Australia's Defense Ministry said on Friday that a Chinese naval intelligence ship had been detected in waters off the northwestern coast of the country.

Prime Minister Scott Morrison said the Chinese navy vessel was not in Australian territorial waters but its presence was "concerning."

"It is clearly an intelligence ship and they are looking at us and we're keeping a close eye on them," Morrison told reporters.

Australian Defense Minister Peter Dutton told reporters he considered it an "act of aggression" because "it has come so far south."

The ship, called the Haiwangxing, "traveled down the west coast of Australia to the vicinity of Exmouth, before changing course to track east along the north-west coast," the Defense Ministry said in a statement, without specifying a timeline.

It added it was closely monitoring the ship's operations in its "maritime approaches."

What else do we know?

Dutton said the ship had been in "close proximity to military and intelligence installations on the west coast of Australia." The intention, Dutton said, "of course, is to collect intelligence right along the coastline."

Dutton also said the ship, identified as a Dongdiao Class Auxiliary Intelligence vessel, was seen hearing north Friday morning, about 250 nautical miles from Broome in Australia's northwest.
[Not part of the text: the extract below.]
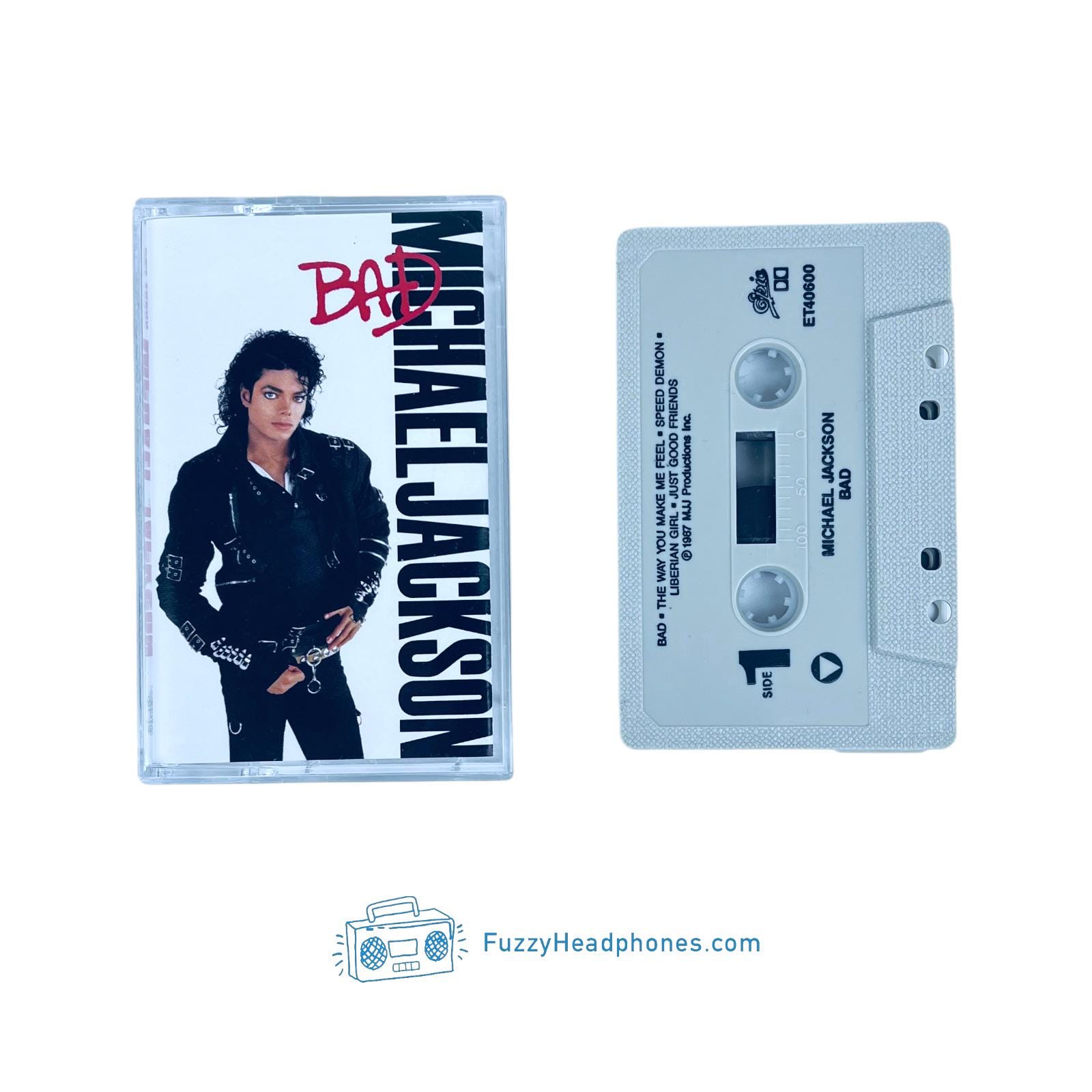 Michael Jackson - Bad Cassette Tape (1987) Dirty Diana, Tested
He added they detected the ship sometime in the last week when it sailed past the Harold E. Holt naval communications station at Exmouth, which is used by Australia, US and allied submarines.

Dutton said the timing of his announcement had nothing to do with federal elections, due on May 21.

China has not yet commented on the incident. Tensions between the two nations increased recently after the Solomon Islands signed a security pact with China.

Australia's defense department added in its statement that it "respects the rights of all states to exercise freedom of navigation and overflight in international waters and airspace, just as we expect others to respect our right to do the same."